**What is needed:**
Could you transcribe every record below exactly as written, leaving out any pictures?

**Input:**
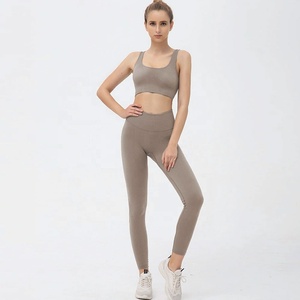 Leggings de yoga taille haute sans couture longueur intégrale couleur moutarde unie pour femme – Pantalon de sport extensible et respirant en Spandex/Polyester pour le fitness - Product Image 4
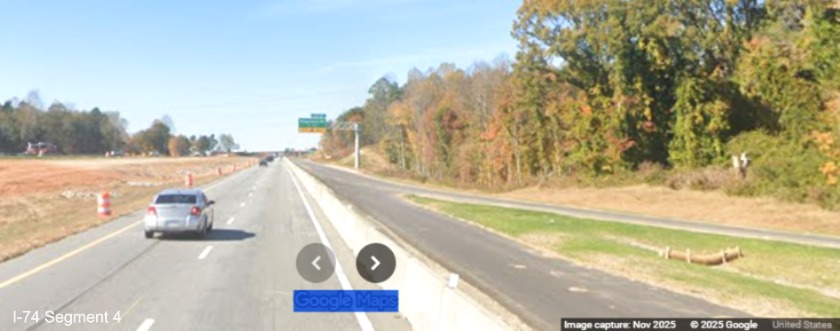 Image of current I-74 West traffic at merge from future ramp to NC 192 West from 
	  I-74 East/Winston-Salem Northern Beltway, Google Maps Street View, November 2025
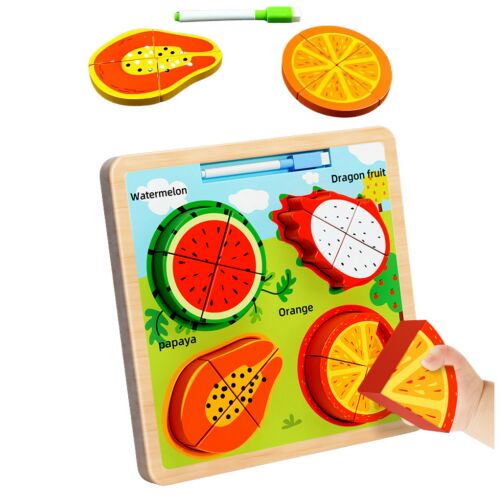 Puzzle tábla 2 az 1-ben: Fa gyümölcs puzzle tábla görögdinnye, pitaya, papaya és narancs darabokkal, rajztáblával és filctollal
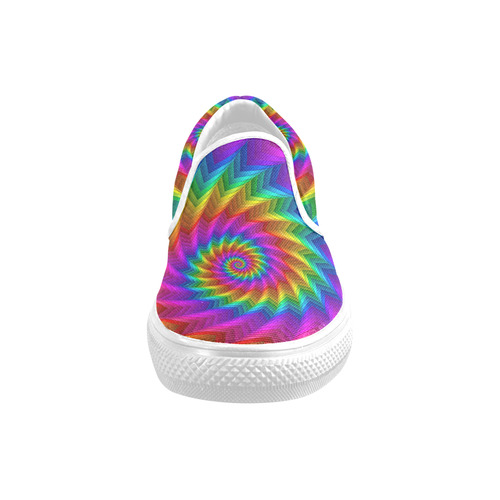 Psychedelic Rainbow Spiral Fractal Slip-on Canvas Shoes for Men/Large Size (Model 019)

**Result for this exercise:**
 Leggings de yoga taille haute sans couture longueur intégrale couleur moutarde unie pour femme – Pantalon de sport extensible et respirant en Spandex/Polyester pour le fitness - Product Image 4
 Image of current I-74 West traffic at merge from future ramp to NC 192 West from 
	  I-74 East/Winston-Salem Northern Beltway, Google Maps Street View, November 2025
 Puzzle tábla 2 az 1-ben: Fa gyümölcs puzzle tábla görögdinnye, pitaya, papaya és narancs darabokkal, rajztáblával és filctollal
 Psychedelic Rainbow Spiral Fractal Slip-on Canvas Shoes for Men/Large Size (Model 019)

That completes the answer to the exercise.